The Preference Capital is that portion of capital which is raised through the issue of the preference shares. This is the hybrid form of financing that has certain characteristics of equity and certain attributes of debentures.
Advantages of Preference Capital
- There is no legal obligation on the firm to pay a dividend to the preference shareholders.
- The redemption of preference shares is not distressful for a firm since the shares are redeemed out of the profits and through the issue of fresh shares (preference shares and equity shares).
- The preference capital is considered as a component of net worth and hence the creditworthiness of the firm increases.
- Preference shareholders do not enjoy the voting rights, and thus, there is no dilution of control.
Disadvantages of Preference Capital
- It is very expensive as compared to the debt-capital because unlike debt interest, preference dividend is not tax deductible.
- Although, there is no legal obligation to pay the preference dividends, when the payment is made it is done along with the arrears.
- The preference shareholder can claim prior to the equity shareholders, in case the dividends are being paid or at the time of winding up of the firm.
- If the company does not pay or skips the preference dividend for some time, then the preference shareholders could acquire the voting rights.
The preference capital is similar to the equity in the sense: the preference dividend is paid out of the distributable profits, it is not obligatory on the part of the firm to pay the preference dividend, these dividends are not tax-deductible.
The portion of the preference capital resembles the debentures: the rate of dividend is fixed, preference shareholders are given priority over the equity shareholders in case of dividend payment and at the time of winding up of the firm, the preference shareholders do not have the right to vote and the preference capital is repayable.
Invested money that, in contrast to debt capital, is not repaid to the investors in the normal course of business. It represents the risk capital staked by the owners through purchase of a company’s common stock (ordinary shares).
The value of equity capital is computed by estimating the current market value of everything owned by the company from which the total of all liabilities is subtracted. On the balance sheet of the company, equity capital is listed as stockholders’ equity or owners’ equity. Also called equity financing or share capital.
Advantage of Equity Capital
(i) Fixed Costs Unchanged By Equity Capital
Equity financing has no fixed payment requirements. As a result, the investments do not increase a company’s fixed costs or fixed payment burden. In addition, dividends to be paid to equity investors can be deferred and cash can be directed to business opportunities and operating requirements as needed.
(ii) Collateral-Free Financing
Equity investors do not require a pledge of collateral. Existing business assets remain unencumbered and available to serve as security for loans. In addition, assets purchased with equity capital can be used to secure future long-term debt.
(iii) Long-Term Financing
Equity investors are focused on future earnings and increasing the value of a business rather than the immediate return on their investment in the form of interest payments or dividends. As a result, businesses can rely on equity capital to finance projects for which the earnings or returns may not occur for some time, if at all.

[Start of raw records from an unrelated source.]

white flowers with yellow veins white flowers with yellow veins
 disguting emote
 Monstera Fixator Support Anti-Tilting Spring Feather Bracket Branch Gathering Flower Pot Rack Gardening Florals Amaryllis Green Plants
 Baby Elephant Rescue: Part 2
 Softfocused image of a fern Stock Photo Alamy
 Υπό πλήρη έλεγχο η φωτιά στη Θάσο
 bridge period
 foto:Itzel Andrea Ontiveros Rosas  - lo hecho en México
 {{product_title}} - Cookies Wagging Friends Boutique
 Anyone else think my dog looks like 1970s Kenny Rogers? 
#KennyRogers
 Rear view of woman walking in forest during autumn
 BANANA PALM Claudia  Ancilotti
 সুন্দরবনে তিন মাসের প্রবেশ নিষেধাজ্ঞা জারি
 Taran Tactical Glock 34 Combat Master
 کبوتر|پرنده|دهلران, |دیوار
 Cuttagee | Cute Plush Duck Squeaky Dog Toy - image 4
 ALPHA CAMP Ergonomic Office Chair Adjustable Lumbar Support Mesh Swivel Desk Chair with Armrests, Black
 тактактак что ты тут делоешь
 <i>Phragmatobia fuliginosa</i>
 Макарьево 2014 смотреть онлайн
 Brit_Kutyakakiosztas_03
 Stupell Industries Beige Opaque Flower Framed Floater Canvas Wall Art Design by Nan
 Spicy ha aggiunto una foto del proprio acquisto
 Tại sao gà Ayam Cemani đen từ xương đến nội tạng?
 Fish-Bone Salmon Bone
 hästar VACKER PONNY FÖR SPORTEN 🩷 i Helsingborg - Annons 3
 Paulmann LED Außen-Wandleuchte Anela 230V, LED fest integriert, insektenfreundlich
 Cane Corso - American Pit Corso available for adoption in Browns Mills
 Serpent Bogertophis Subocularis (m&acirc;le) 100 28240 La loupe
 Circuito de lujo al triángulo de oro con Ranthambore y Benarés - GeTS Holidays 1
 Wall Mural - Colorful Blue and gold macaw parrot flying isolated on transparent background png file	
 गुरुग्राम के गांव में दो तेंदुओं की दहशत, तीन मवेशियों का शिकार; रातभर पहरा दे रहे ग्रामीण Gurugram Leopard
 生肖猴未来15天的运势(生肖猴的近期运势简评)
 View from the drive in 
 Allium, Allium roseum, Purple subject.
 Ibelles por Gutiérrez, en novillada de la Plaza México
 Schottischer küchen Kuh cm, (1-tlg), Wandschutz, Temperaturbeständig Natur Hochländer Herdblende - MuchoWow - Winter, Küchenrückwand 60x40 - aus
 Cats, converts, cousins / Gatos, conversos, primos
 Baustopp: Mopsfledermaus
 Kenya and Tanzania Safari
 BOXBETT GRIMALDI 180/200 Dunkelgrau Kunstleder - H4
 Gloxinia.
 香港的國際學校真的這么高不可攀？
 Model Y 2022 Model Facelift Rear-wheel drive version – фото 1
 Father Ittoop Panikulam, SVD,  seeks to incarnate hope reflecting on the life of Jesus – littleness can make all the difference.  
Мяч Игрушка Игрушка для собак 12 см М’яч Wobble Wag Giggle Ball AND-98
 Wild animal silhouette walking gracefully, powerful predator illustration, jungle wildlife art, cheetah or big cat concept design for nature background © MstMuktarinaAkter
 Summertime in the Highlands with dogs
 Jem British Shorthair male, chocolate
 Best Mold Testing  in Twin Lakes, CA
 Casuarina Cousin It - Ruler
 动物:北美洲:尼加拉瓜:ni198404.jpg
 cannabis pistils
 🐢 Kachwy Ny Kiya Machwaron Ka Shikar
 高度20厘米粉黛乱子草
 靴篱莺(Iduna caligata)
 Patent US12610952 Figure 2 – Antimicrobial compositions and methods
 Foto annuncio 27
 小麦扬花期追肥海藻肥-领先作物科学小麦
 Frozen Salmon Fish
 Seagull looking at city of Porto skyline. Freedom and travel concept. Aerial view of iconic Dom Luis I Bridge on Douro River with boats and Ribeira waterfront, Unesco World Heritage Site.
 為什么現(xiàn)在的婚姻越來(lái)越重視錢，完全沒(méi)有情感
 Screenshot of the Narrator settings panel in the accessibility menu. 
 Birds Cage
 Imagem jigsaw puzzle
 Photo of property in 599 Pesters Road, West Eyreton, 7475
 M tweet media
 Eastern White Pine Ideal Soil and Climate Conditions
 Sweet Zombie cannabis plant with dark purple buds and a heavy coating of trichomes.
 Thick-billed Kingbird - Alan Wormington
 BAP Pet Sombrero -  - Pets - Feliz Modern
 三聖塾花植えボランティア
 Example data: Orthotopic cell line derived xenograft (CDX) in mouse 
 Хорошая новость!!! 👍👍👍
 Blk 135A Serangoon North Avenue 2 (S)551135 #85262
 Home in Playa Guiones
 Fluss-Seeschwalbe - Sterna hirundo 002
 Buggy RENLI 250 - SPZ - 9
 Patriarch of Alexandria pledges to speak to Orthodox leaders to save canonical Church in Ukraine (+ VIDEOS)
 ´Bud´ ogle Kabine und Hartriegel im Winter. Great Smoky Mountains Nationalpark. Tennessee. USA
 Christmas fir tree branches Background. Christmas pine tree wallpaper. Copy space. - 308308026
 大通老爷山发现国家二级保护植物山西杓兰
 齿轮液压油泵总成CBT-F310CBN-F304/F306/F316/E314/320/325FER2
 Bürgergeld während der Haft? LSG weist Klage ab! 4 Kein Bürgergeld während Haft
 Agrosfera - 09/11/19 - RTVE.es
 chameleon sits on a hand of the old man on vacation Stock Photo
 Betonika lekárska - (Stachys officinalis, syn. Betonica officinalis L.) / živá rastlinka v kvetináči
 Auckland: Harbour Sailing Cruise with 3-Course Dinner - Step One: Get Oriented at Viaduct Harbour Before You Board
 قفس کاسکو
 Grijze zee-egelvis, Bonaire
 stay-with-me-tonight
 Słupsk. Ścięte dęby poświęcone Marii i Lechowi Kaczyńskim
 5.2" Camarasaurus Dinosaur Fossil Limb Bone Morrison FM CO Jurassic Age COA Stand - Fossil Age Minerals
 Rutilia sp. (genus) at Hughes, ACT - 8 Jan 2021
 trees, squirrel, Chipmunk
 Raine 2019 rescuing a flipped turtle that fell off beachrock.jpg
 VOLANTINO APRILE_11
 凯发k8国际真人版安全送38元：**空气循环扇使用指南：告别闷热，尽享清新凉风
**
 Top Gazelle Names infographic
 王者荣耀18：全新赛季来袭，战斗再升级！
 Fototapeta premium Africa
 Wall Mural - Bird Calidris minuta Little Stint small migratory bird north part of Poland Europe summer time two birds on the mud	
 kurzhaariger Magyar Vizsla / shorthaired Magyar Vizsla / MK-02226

(iv) Convenant-Free Financing
A lender is concerned with the repayment of debt. The lender wants to ensure that loan proceeds increase company assets, which generate cash to repay loans. Therefore, lenders establish financial covenants that restrict how loan proceeds are used. Equity investors establish no such covenants; they rely on governance rights to protect their interests.
Disadvantage of Equity Capital
(i) Investor Expectations
Neither profits nor business growth nor dividends are guaranteed for equity investors. The returns to equity investors are more uncertain than returns earned by debt holders. As a result, equity investors anticipate a higher return on their investment than that received by lenders.
(ii) Business Form Requirements
Legal restrictions govern the use of equity financing and the structure of the financing transactions. In fact, equity investors have financial rights, including a claim to distributed dividends and proceeds from the sale of the company in which they invest. The equity investors also have governance rights pertaining to the board of directors election and approval of major business decisions. These rights dilute the ownership and control of a company and increase the oversight of management decisions.
(iii) Financial Returns Distribution
Each investor in a company has a right to the cash flow generated by the business after all other claims are paid. If the business is sold, the owners share cash equal to the net proceeds of the business if a gain occurs on the sale. The investors’ net return is equal to the net proceeds of the sale less the cash they invested in the business. The legal restrictions that govern the use of equity financing determine the return received by an individual.